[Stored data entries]
* * *

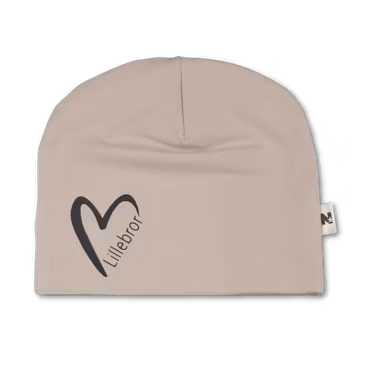 Beige namnmössa - Namn i Hjärta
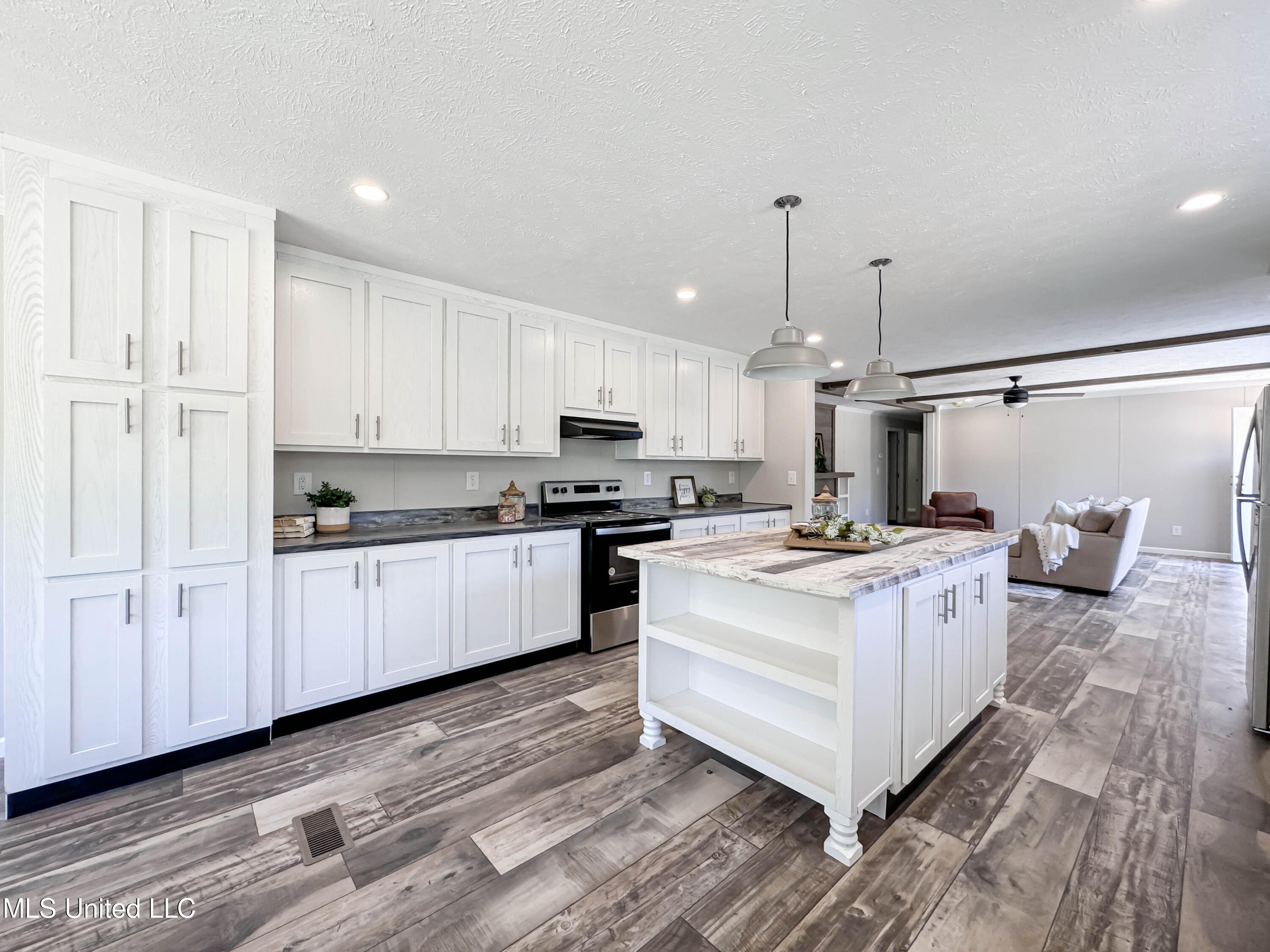 108 Brumley Lane Mize, MS 39116 - Photo 12 of 37 IMG_7225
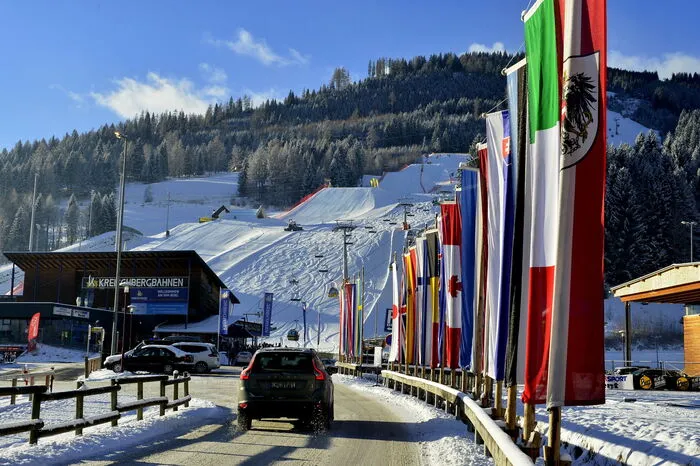 Die besten Freestyle Boarder gehen Mitte Jänner beim Snowboard Slopestyle Weltcup an den Start.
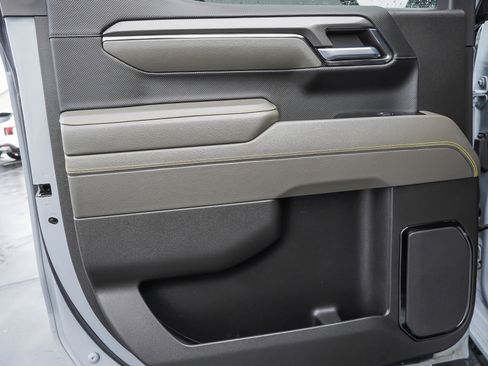 Used 2024 Chevrolet Silverado 1500 ZR2 w/ Technology Package image 26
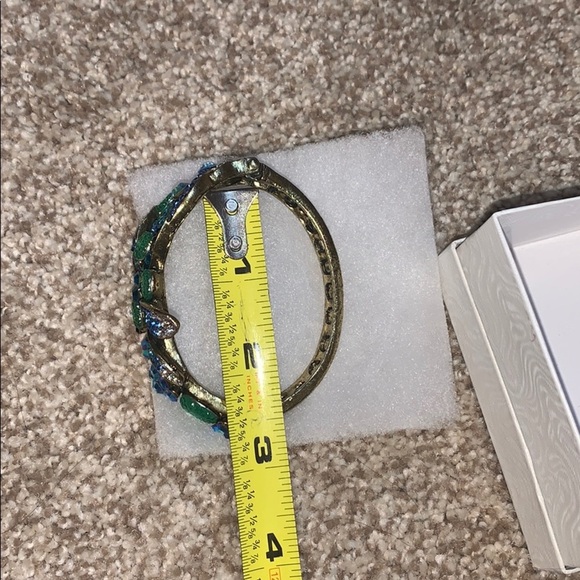 Bracelet with Dimond Accents - Picture 10 of 10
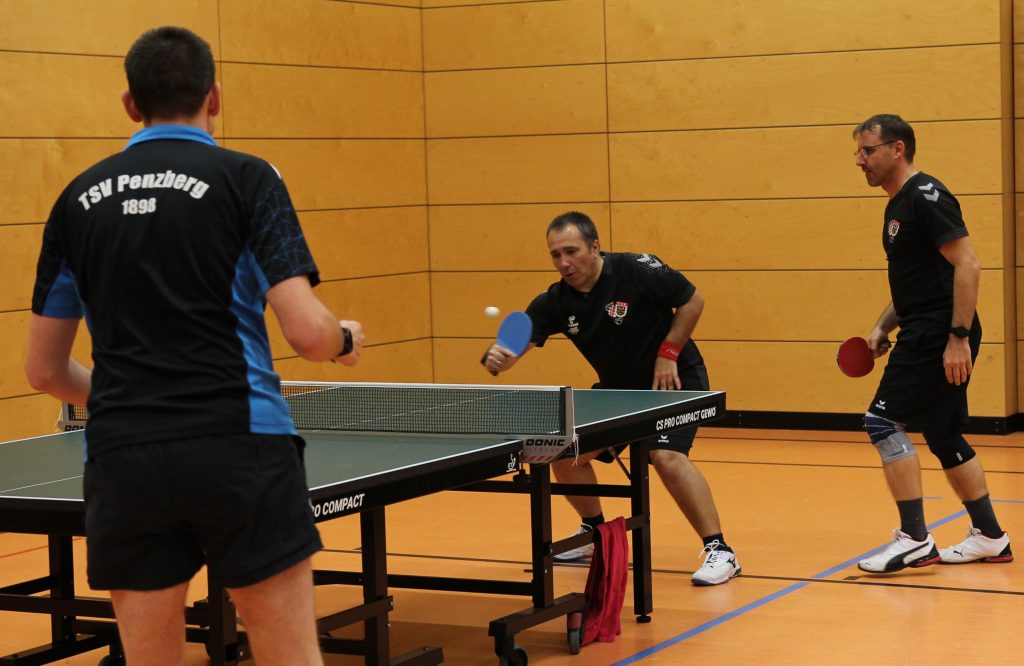 Foto zeigt die Peißenberger/Peitinger Spieler im Doppel wo der Ball kurz vor dem Schläger sich befindet bei Auftreffen.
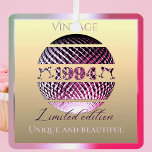 Adorno Metálico Viejo 1994 color rosa de 30 años<br><div class="desc">Hermoso y único regalo de cumpleaños número 30 para personas nacidas en 1994. Baloncesto de discoteca de 1994 de época en rosa y edición limitada de inscripciones. Dos frases de texto personalizables en el frente y en la parte posterior para felicitaciones o saludos personalizados.</div>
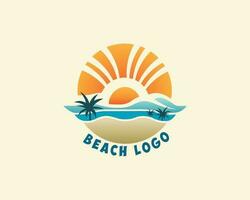 verano playa logo diseño modelo con luz de sol y arena con palmas, sencillo degradado verano colores vector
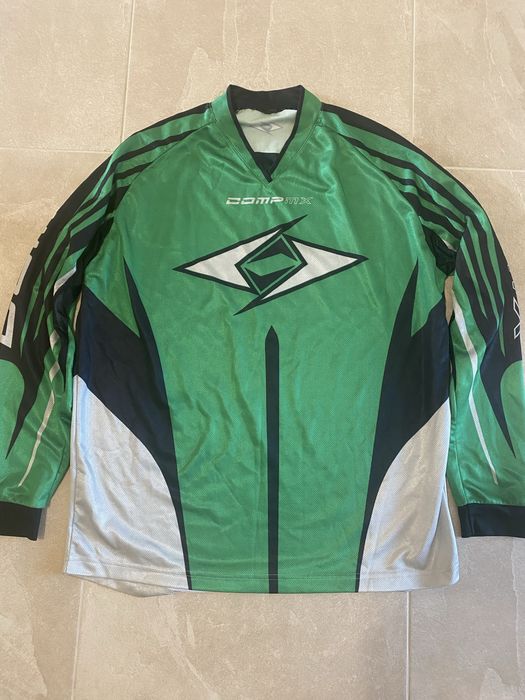 Продам чоловічу футболку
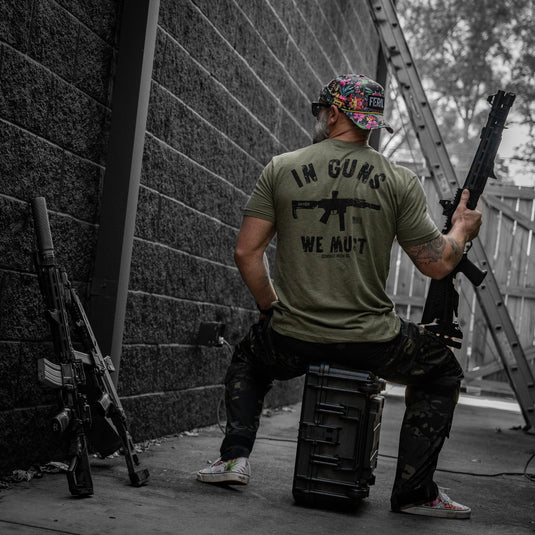 In Guns We Must Men's T-Shirt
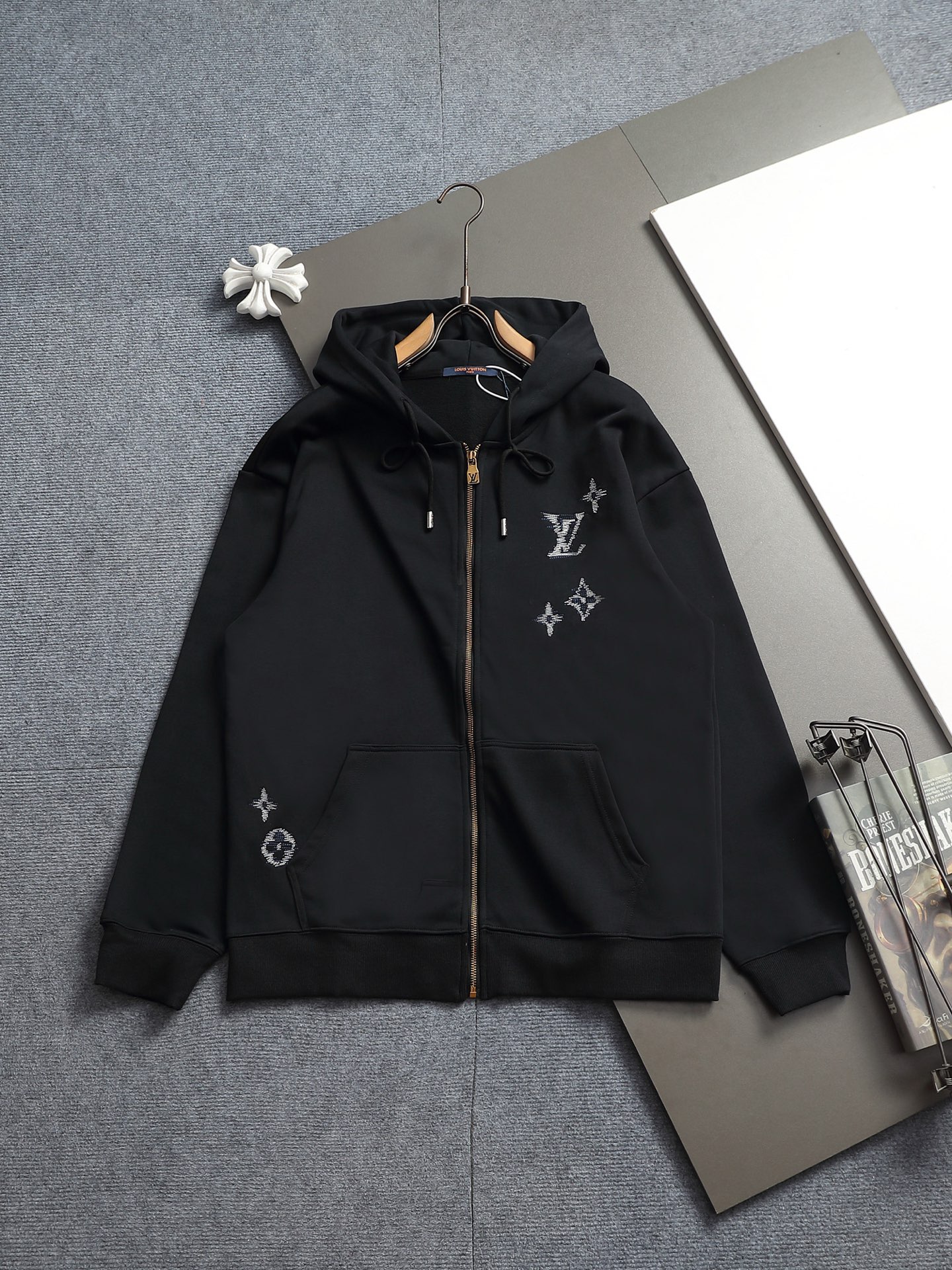 【LOUIS VUITTON】バーバリー パーカー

* * *

Aim of the exercise:
With the pictures left out, please output each line from the one containing "In Guns We Must Men's T-Shirt" through the end of the entries, exactly as it is.

Task answer:
 In Guns We Must Men's T-Shirt
 【LOUIS VUITTON】バーバリー パーカー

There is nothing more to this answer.